[Python] Add support for Pandas 2.0.0#7005
Conversation
…hod to get the datetimes as int64_t epochs
…e should do so as well
…' it's implicitly converted from to py::array
…e if it's pyarrow backed
…arrow" This reverts commit 75ba77a.
pdet
left a comment
There was a problem hiding this comment.
Just have some small comments. In general, I think the logic there seems pretty solid. Excellent work!
I do have some suggestions for further testing. These may be already covered, so ignore them if that's the case.
Could we test Pandas with the Arrow representation on queries with filter and projection pushdown?
Is it possible to create an empty data frame, where only the columns are defined, and try to scan that?
Could we also add tests with Null values? Including completely null columns?
Do we have tests with mixed type columns (i.e., some columns are numpy, others py object (i.e., ints, strings, maps, going nuts on one column) , others arrow)?

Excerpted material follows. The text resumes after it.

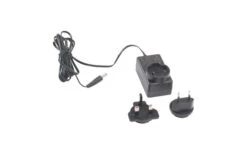Outwell Sky2 Luftpumpe 12 V 230 V 5 Outwell Sky2 Luftpumpe 12 V 230 V -Outwell || High Peak || Robens Verkaufsgeschäft 495717 3474139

tools/pythonpkg/src/include/duckdb_python/pandas/pandas_bind.hpp
Outdated
Show resolved
Hide resolved
…in an earlier test
… whether it's supported or not
|
@Tishj could you merge this with master? |
pdet
left a comment
There was a problem hiding this comment.
Thijs, thanks for adjusting the tests, I think reusing the existing tests is an excellent idea. I've just added two small comments!
…ould be int32 or int64
|
@pdet can you do another pass over this? |
|
LGTM! Thanks for all the hard work on this @Tishj! It looks great! |
This PR fixes #6954, #6695
Reorganizing python package source code
I've reorganized the files and folder structure within the
tools/pythonpkg/srcfolder a bit.Pybind11 Wrapper
I've decided to no longer use
namespace py = pybind11and instead createnamespace pythat usesnamespace pybind11It should have no effect on existing functionality, but allows us to add to the functionality and override/shadow some of the behavior that we've had to patch around before.
One such example is
py::isinstance, our import cache keeps thepy::objectptras nullptr when it could not be imported and it's optional.When these objects are used with
pybind11'sisinstancemethod, this will segfault because it does no nullptr check.In the past we've patched around this by adding a
IsInstancemethod to ourPythonImportCacheItem, but I've adaptedpy::isinstanceto just return false if the type object is null, removing the need for thisIsInstancemethod.Split Numpy logic from Pandas logic
Split some of the Numpy scanning code from Pandas, and introduced a
PandasColumnclass +PandasColumnBackendenum to take some steps into supporting multiple backends in the future.PyArrow Pandas DataFrames
PyArrow backed dataframes are transformed into
pyarrow.lib.Tableinstead and dealt with earlier on.For now mixed dataframes are converted into Tables too.
Adapting python tests
I've reworked our python tests to use dependency injection for
pandasinstead of the base module.I've created two proxies of the pandas module:
NumpyPandasRegular behavior of
pandasArrowPandaspandas.DataFrameconstructor produces a dataframe that has been converted to using pyarrow backed columns.pandas.testing.assert_frame_equalhas been intercepted to first convert any pyarrow backed column to numpy backed instead. This is done because we can't produce pyarrow backed dataframes from DuckDB yet, this support should be easier to add when we can produce pyarrow backed dataframes.Verified that our entire test suite works on
pandasversions: 2.0.0, 1.5.3, 1.3.3